# 431 Water Pump



## MTSim22 (Jan 1, 2022)

Have an 05 Massey 431 and have a small leak coming from behind the water pump.







Any suggestion in how to replace the water pump?


Sent from my iPhone using Tractor Forum


----------



## sixbales (May 18, 2011)

Good Morning MTSim22, welcome to the tractor forum.

Normally, water pumps develop a leak out of the shaft seal. A leak from behind the pump would indicate a gasket leak, or possibly somewhere else?

I don't know the proper procedure to remove the water pump on a MF 431. On my old Ford 3600 tractor, I have to remove the hood, nose piece, and radiator to access the pump. A service/repair/shop manual will be a better source of information. The attached manual (download) can be had for $34.

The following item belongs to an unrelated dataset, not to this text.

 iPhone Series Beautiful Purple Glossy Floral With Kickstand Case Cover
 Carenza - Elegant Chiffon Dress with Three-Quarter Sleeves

Massey Ferguson 431, 461 Tractors Service Manual


Repair and Service Manual.




therepairmanual.com


----------



## MTSim22 (Jan 1, 2022)

Thanks for the help ... that’s encouraging if I can get by with replacing the gasket ... not to many MF431 out there .. looks to be a full days work to get to it ... was trying to get to it without pulling the radiator, but since it’s 15 years old I am thinking I should go ahead and pull the radiator, flush and clean it and then go ahead and replace the pump ... same work either way.


----------